Data in this exercise:

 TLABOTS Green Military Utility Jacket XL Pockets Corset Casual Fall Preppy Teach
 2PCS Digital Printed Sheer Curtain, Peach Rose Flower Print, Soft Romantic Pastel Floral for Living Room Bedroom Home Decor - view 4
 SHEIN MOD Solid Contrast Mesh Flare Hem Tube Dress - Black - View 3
--
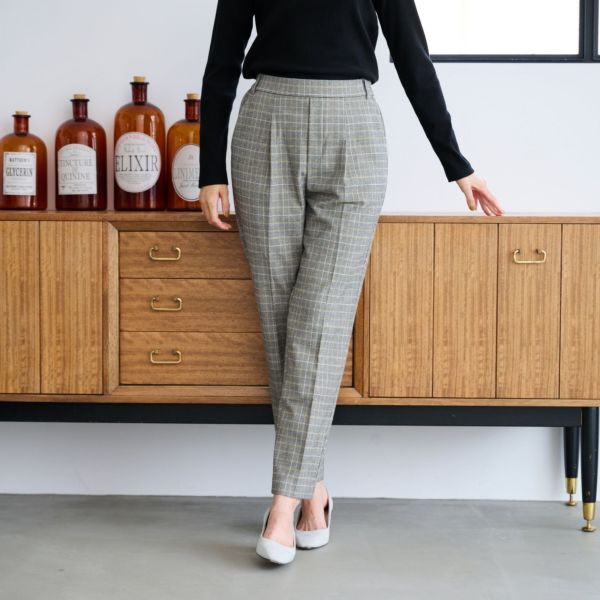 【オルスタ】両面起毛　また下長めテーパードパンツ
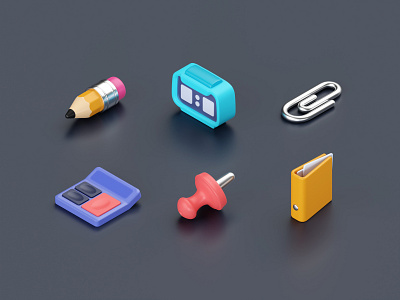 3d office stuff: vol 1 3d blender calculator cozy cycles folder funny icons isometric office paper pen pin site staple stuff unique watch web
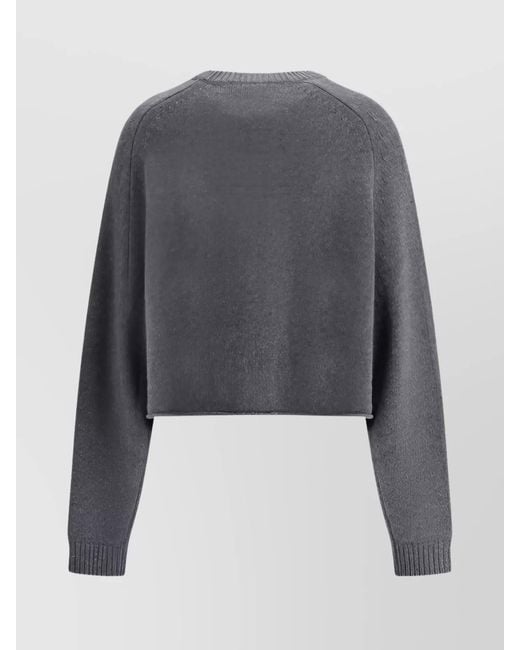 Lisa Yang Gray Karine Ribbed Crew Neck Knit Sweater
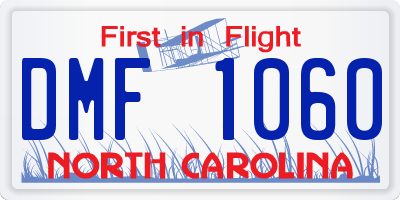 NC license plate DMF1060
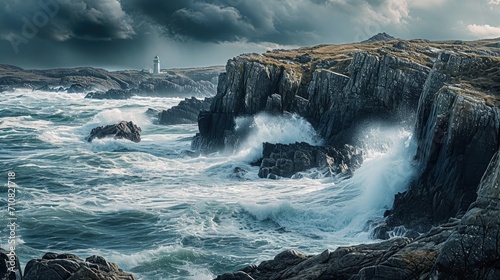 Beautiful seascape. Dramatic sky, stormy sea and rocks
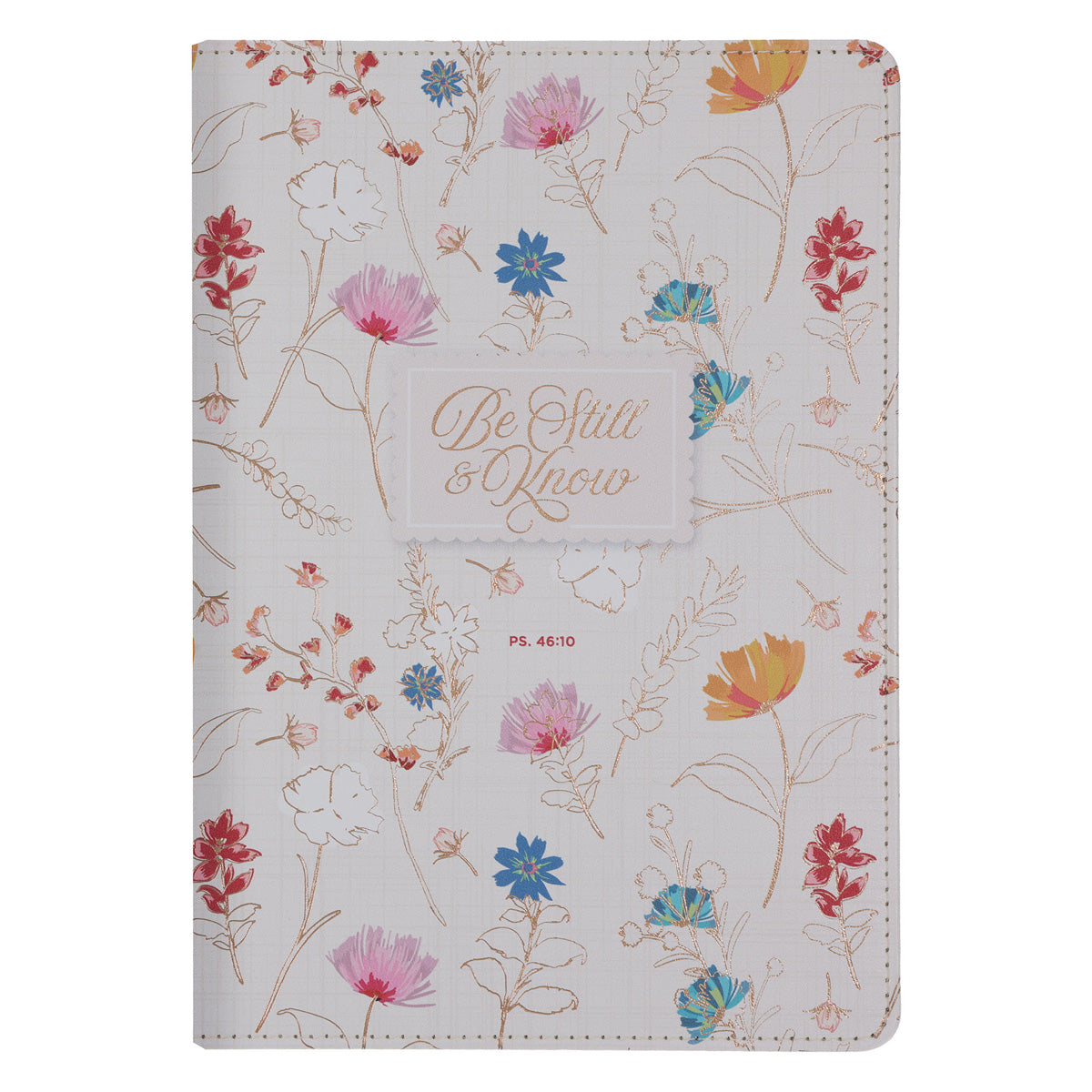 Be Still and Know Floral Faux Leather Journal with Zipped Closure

What to work on: Within the material above, find the part that opens with the line containing "Beautiful seascape. Dramatic" and closes with the line containing "Be Still and", and reproduce it exactly without the pictures.

Response for this exercise:
 Beautiful seascape. Dramatic sky, stormy sea and rocks
 Be Still and Know Floral Faux Leather Journal with Zipped Closure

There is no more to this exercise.